Skin tells of a black child, Sandra Laing, born to white parents. It tells of her difficult schooling, her challenging loves, her children, her life. Director Anthony Fabian says that because of Apartheid, “her white parents prospered, while she remained in the gutter.”

South Africa in the 1940s had very strict laws regarding race classification. Sandra’s  father, believing that the dark-skinned child was his, battled aggressively to have her birth record read white, although she appeared black in every way.

After years of legal battles, he won. He created an embarrassment for the government, and with the help of a genetics expert witness, so the movie explains, helped change the law. Classification would be based upon lineage, rather than visible characteristics. It is assumed that black genes in her parents’ genetic history, laid dormant for generations, surfaced at her birth. It is not unusual for South Africans to discover such a history of co-mingling.
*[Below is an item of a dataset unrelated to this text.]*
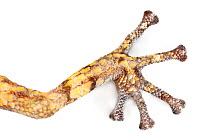 Close up of foot of Big eyed / headed gecko {Paroedura pictus} on white background. Dry deciduous forest, Kirindy Forest, Western Madagascar. October.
Although Apartheid ended 15 years ago, some of the older generations remain aghast at the mixing of the races. Thankfully, the oppressive regime of the 1940’s, intent upon increasing the white population, is gone. However, some South Africans have fled to Dallas because of their reaction to the present government. “The government is why I am living here now,” one said at the screening. “It is corrupt. They believe AIDS can be battled with olive oil and garlic.”

Before the screening, with voting slips in the hands of the audience, Skin director Fabian said, “Frankly, I don’t see this as a little minority film. Please vote with everything you’ve got.” And they did. Skin won the Audience Award for Best Narrative Feature.